# How To Tell If A Blue Diamond Is "true" At 4-5 Inches (or Youn



## DUMP TRUCK (Sep 8, 2010)

i have a young blue diamond and peru rhom... both around 5in...... they look very similar at that size... I was just wondering if any of you members know how sellers label a blue diamond at this size..... besides saying if you can see blue glare at certain angles and nice diamond shape.. what else is there to look for?............... in the pic below is my blue diamond on the left and black peru on the right...... the "black peru" is for sale and I think it could be a diamond?


----------



## DUMP TRUCK (Sep 8, 2010)

this is the "blue diamond" what do you guys think..... do you think it will grow out to be a true blue?


----------



## Johnny_Zanni (Nov 8, 2009)

They guess.


----------



## Guest (Apr 22, 2011)

It's collection point.


----------



## Uncle Jesse (Feb 18, 2007)

I think the one one the right it a Black Onyx or a Chocolate Charcoal Diamond. But you will need to let him put some size on before we can get a positive I.D.

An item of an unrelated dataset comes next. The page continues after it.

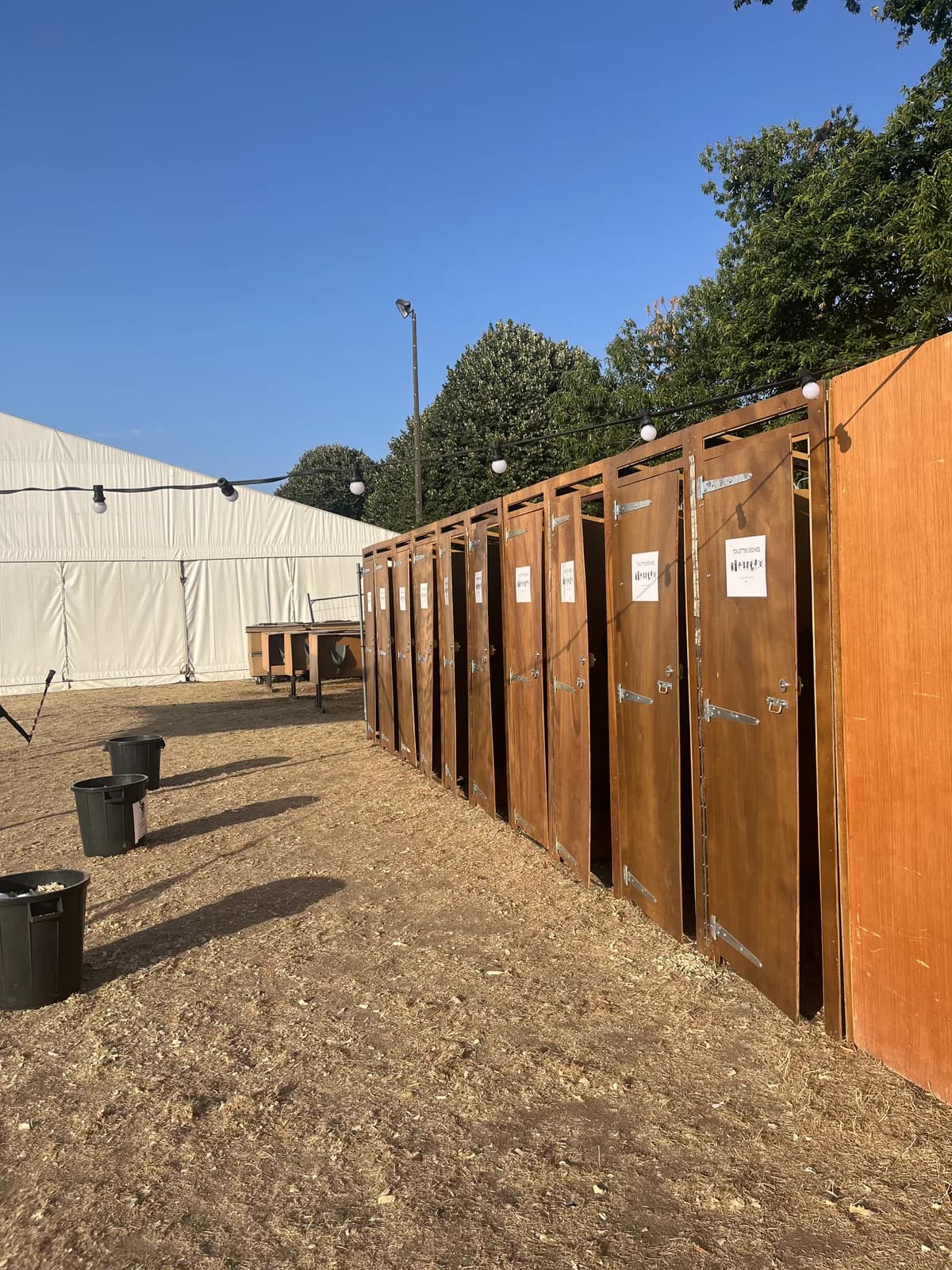 Rangée de cabines de toilettes sèches en bois aux Bandafolie’s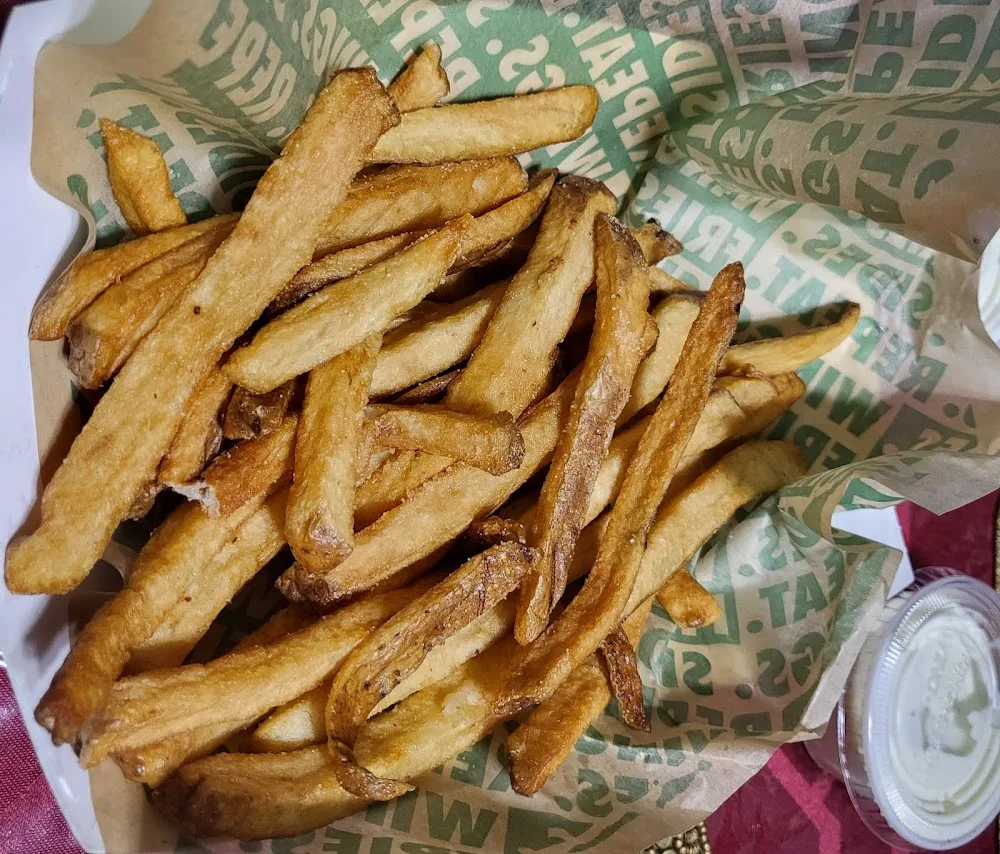 Wingstop food and storefront view at 102 - 14 Atlantic Ave in Queens, New York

The one on the left is most likely a Royal Aquamarine Diamond. Yeah, I'm about 90% sure it is.


----------



## Smoke (Sep 8, 2010)

Good questions... I'd be curious to know as well. My 2 Xingus are getting a diamond shape, and one has nice purple/blue glitter on him, and even looks marble at certain angles & lighting.


----------



## Johnny_Zanni (Nov 8, 2009)

Traveller said:


> It's collection point.


Based on what?


----------



## Guest (Apr 22, 2011)

Based on what? 
It's collection point.
This


----------



## Johnny_Zanni (Nov 8, 2009)

Traveller said:


> Based on what?
> It's collection point.
> This


Your wrong. But humor me please... Where do you think Diamond rhoms come from?


----------



## Guest (Apr 23, 2011)

A rhom is a rhom, the term "diamond" is something made up simply to describe a fish that shows an unusually pointed tail fin or glittery scales. Now however it's used for anything that shows a particular colour under certain light and angles. Non of it is scientific, except for the collection point, and until rhoms are divided into different species then these common names are worthless and meaningless.


----------



## Johnny_Zanni (Nov 8, 2009)

"True Diamonds" come from peru... But most of what I see sold as diamonds I wouldn't call a diamond as it looks like a normal 4-5" rhom..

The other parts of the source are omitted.